It is in the spirit of easing your writing task, and tackling tedium in your dungeon, that I am proposing this reading list. I have no illusions that they’ll slam a heavy sentence against you. Something like 15 years at least. You know the reason: you’re too embarrassing a foe to be allowed loose on the streets. Whatever the case, have a good read.

1. For 27 years, Nelson Mandela groaned and moaned on Robben Island, South Africa’s Archipelago.  Besides leaving prison to become president, Mandela also published his best-selling and spell-binding autobiography, Long Walk to Freedom, most of it scribbled secretly while in prison. While sequestered on Robben Island, Mandela used to coo with starry-eyed conviction: “We’ll leave this damned place and rule South Africa!” Most often, his companions guffawed. He was proved right.

He stepped out of prison to rule the multiracial South Africa. I gather you want to be President whenever you leave prison. That, to me, is a legitimate ambition. However, you must resolve to be, like Mandela, a transitional President who will put in place the democratic structures Cameroon sorely needs and then disappear.

2. Written from a prison cell, Martin Luther King’s Letter From A Birmingham Jail sparkles with tremendous elegance and rhythm and cadence.

Martin Luther King, Jr., was the remarkable Black-American leader of the civil rights struggle in the 60s.

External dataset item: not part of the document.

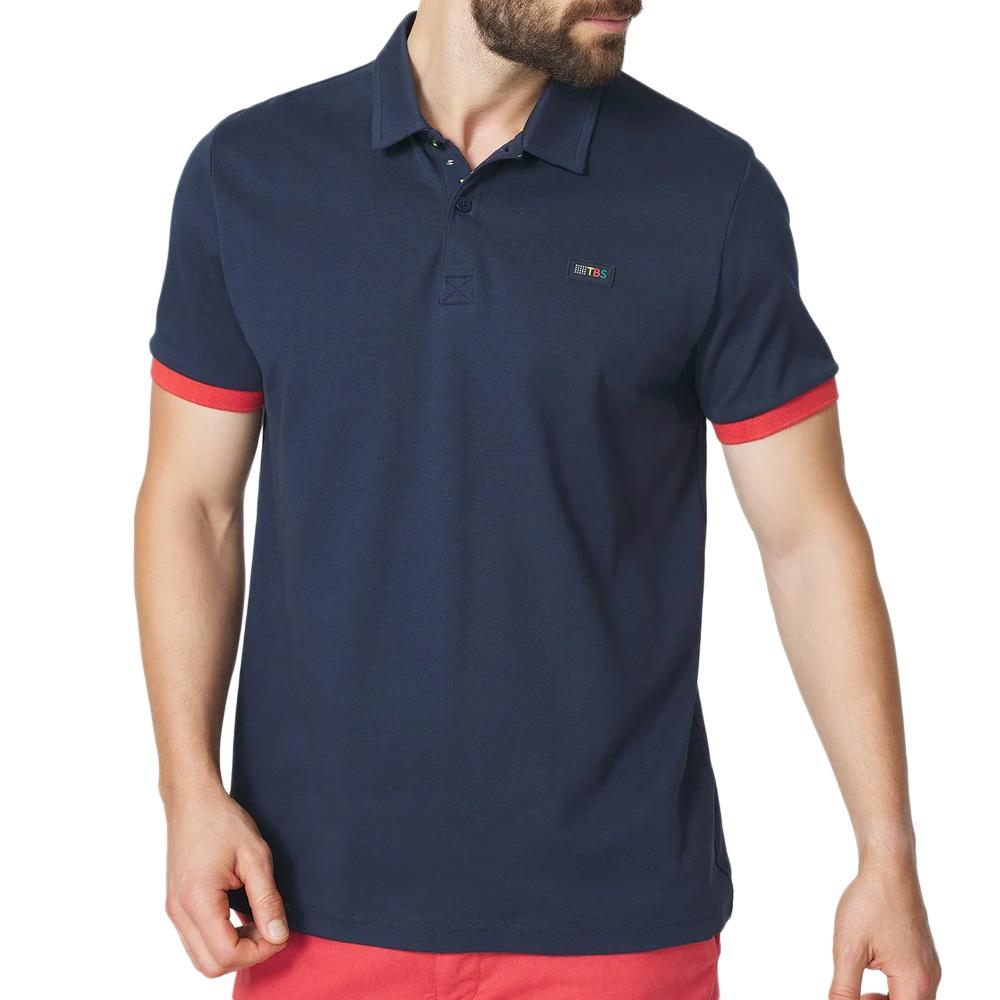 Polo Marine Homme TBS BARZO pas cher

Letter From a Birmingham Jail is the pastor’s searing epistle from jail a la St Paul. King was a votary of Gandhian non-violence. This did not spare him from the indignities of the white rabid racists and segregationist bigots. He was arrested and confined in prison after he organised a non-violent protest against racial segregation.

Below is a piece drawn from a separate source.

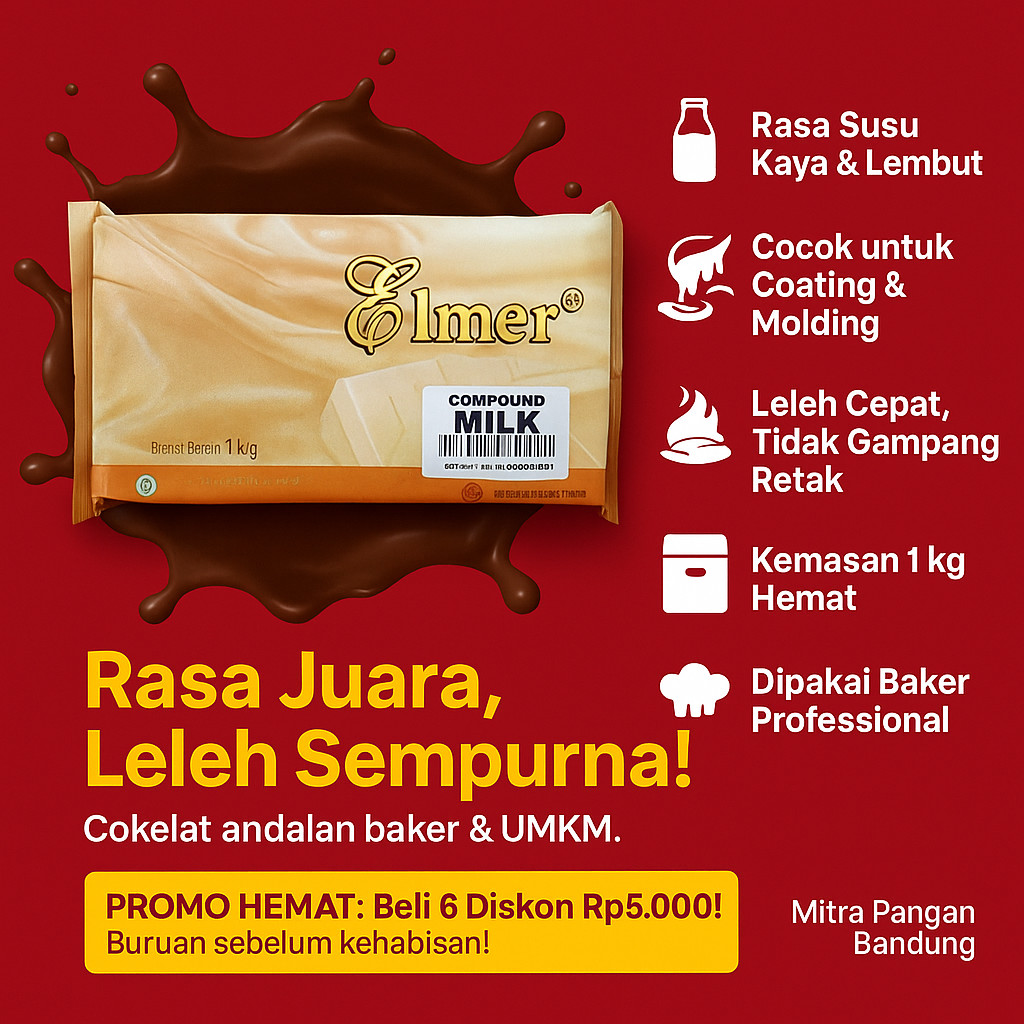 

ELMER Chocolate Compound Milk 1 kg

It was while cooling his heels in that cell that King wrote his famous letter on April 16, 1963. In his letter, King argues that, “injustice anywhere is a threat to justice everywhere.” That is why, Mr Marafa, while waiting for your date with destiny, you could ruminate on the following four steps of a Kingian non-violent campaign: “collection of facts to determine whether injustices exist (you have a battery of such facts, notably that compensation for victims of a plane is collected and distributed among brigands).

The next step is negotiation (remember that you should never negotiate out of fear but you should never fear to negotiate. You know the main stakeholders on both sides of the political divide so, negotiation should be easy.) The third step is self-purification (this is easier now that you are away from physical contamination.

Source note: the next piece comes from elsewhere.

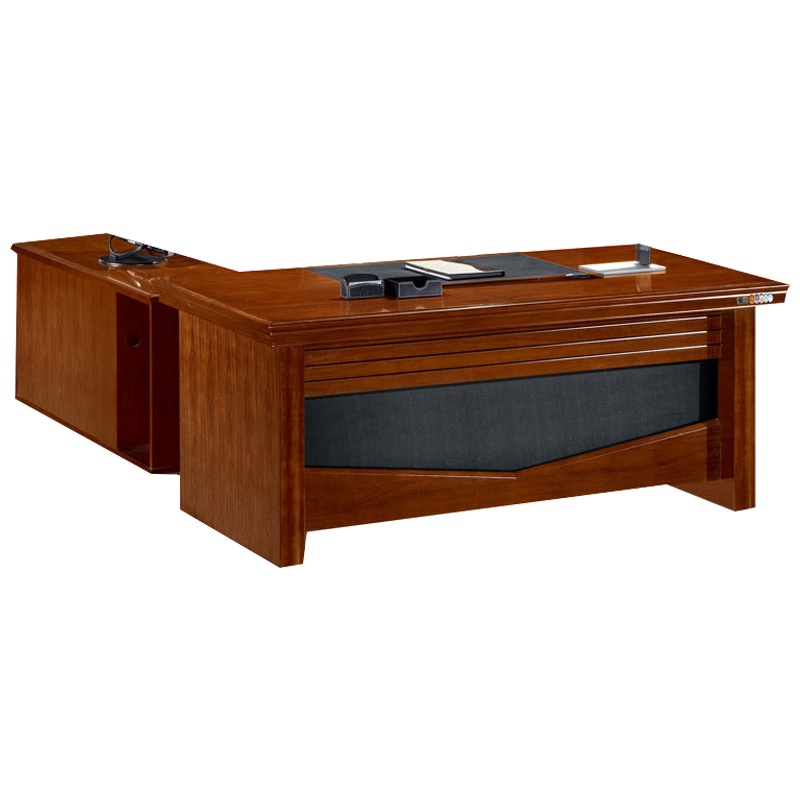 鑫金虎 老板桌简约现代大班台总裁桌总经理桌椅活动柜办公桌组合套餐办公家具(桌椅活动柜侧柜)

In fact, this period of the current Ramadan must have afforded you enough time to engage in self-purification. The last step, of course, is direct action. As soon as you leave your dungeon either by acquittal or after serving your term, you must swing into action and occupy the public space that has been abandoned by all parties. You are sure to roll on the waves of popular acclaim.

3. Mahatma Gandhi began life as a swanky lawyer in apartheid South Africa and later metamorphosed into what Churchill contemptuously referred to as ‘a naked kafir’ crusader for the independence of India. Because of his non-violent approach and several fasts, he succeeded and India gained independence in 1948. Gandhi was a fierce revolutionary but he waged his battle in a peaceful manner.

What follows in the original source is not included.